Les obstacles rencontrés dans la poursuite de certaines personnes, qui semblent être protégées, mettent en évidence l’immixtion du pouvoir exécutif dans les affaires de la Cour. À cela s’ajoute un manque d’indépendance de la Cour vis-à-vis des Nations unies, qui continuent de contrôler sa gestion administrative et financière, malgré la promesse répétée de lui donner toute son autonomie dès qu’elle serait opérationnelle.

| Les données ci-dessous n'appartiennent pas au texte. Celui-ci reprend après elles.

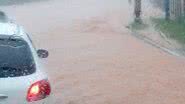 Imagem   Caos: em menos de uma hora, chuva forte deixa Salvador debaixo d'água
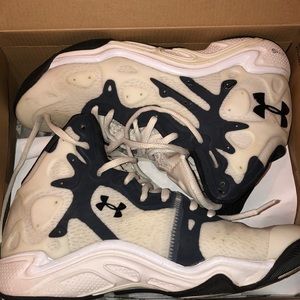 Under Armour Sneakers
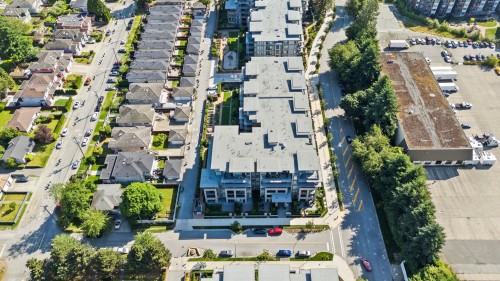 418-7588 16Th Street, Burnaby, BC 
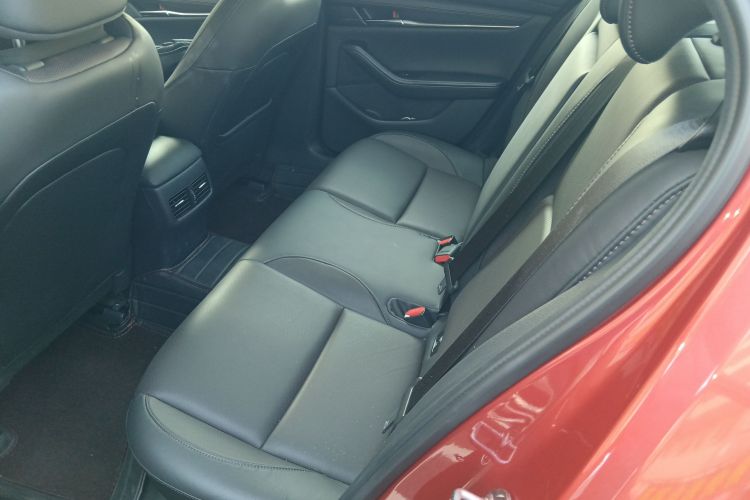 Mazda 3 Axela 2021 car image #17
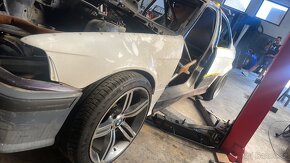 E36 sedan Drift závody do vrchu - 17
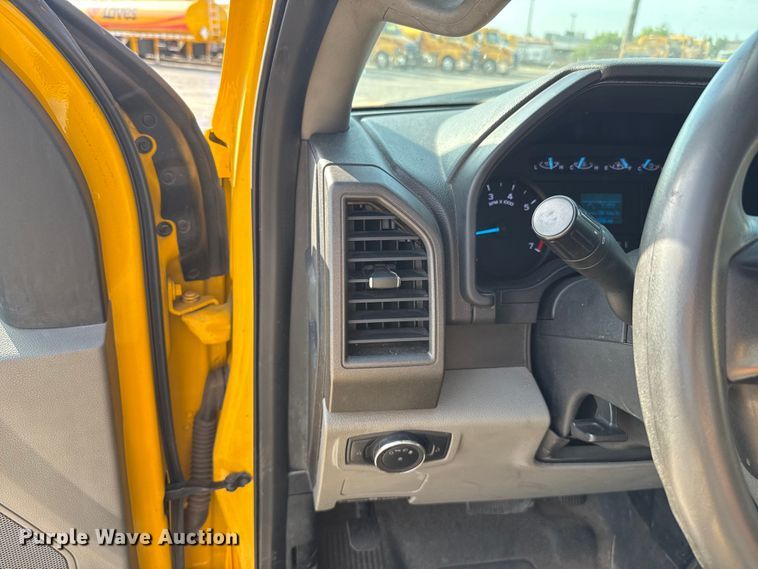 image for item EU2062 2019 Ford F350 Super Duty  utility bed pickup truck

À l’issue de ce premier mandat, il est important d’établir un bilan, afin de garantir que des progrès en matière de justice seront réalisés au cours des cinq prochaines années. Premièrement, tout doit être mis en œuvre pour que la CPS soit pleinement indépendante, que ses ordres et décisions soient respectés et appliqués. Cela suppose que tous les suspects qui font l’objet de mandats d’arrêt soient arrêtés, par les forces centrafricaines ou par celles de la Minusca lorsqu’ils se trouvent sur le sol centrafricain, ou qu’ils soient extradés vers la Centrafrique lorsqu’ils ont fui à l’étranger. Cela suppose également que l’on mette à la disposition de la CPS le soutien logistique et sécuritaire nécessaire à la conduite d’enquêtes dans des régions touchées par des violences. Enfin, il faut que les Nations unies transfèrent à la Cour sa gestion administrative et financière, sous la supervision du greffe de la CPS.
Transparence des procédures
Si la lutte contre l’impunité est, selon les mots employés par le président centrafricain en 2021, « la colonne vertébrale de [s]on quinquennat », il faudra que cette promesse se traduise pleinement dans les actes, sans réserve et sans traitement différencié en fonction des personnes incriminées. La CPS est actuellement le seul tribunal en mesure de s’attaquer aux affaires les plus difficiles, d’autant que la CPI a soudainement mis fin, en décembre 2022, à ses enquêtes sur la Centrafrique sans justification convaincante.
Deuxièmement, tous les efforts doivent être déployés pour améliorer la participation des victimes aux procédures judiciaires et pour renforcer leurs possibilités d’obtenir des réparations. Cette disposition essentielle implique que l’on accroisse la transparence des procédures dès le stade de l’instruction, de manière à informer rapidement les victimes de leur droit à se porter partie civile. Il faudra en outre trouver une solution qui garantisse des ressources financières adéquates, pour que l’État centrafricain ou ses partenaires soient en mesure de financer les réparations qui seront ordonnées dans les futures affaires.
Certes, la question des réparations pour les victimes du conflit en Centrafrique requiert une réponse étatique plus large, dans un pays où chacun a été touché dans sa chair, a perdu un proche ou sa maison, ou encore a connu l’exil. Pour autant, ces réparations, dont les victimes de crimes ayant fait l’objet de condamnations par la Cour devraient bénéficier, font partie des attentes de la population.
Le cycle de l’impunité doit prendre fin, les victimes ont droit à la justice, à la vérité et à des réparations. À l’aube de ce nouveau mandat, la CPS est à un tournant décisif. Elle devra accélérer la cadence des procès, poursuivre les commanditaires des crimes atroces, et placer les victimes au centre des procédures. Sa tâche pour ces cinq prochaines années sera aussi vaste que déterminante pour la Justice en Centrafrique.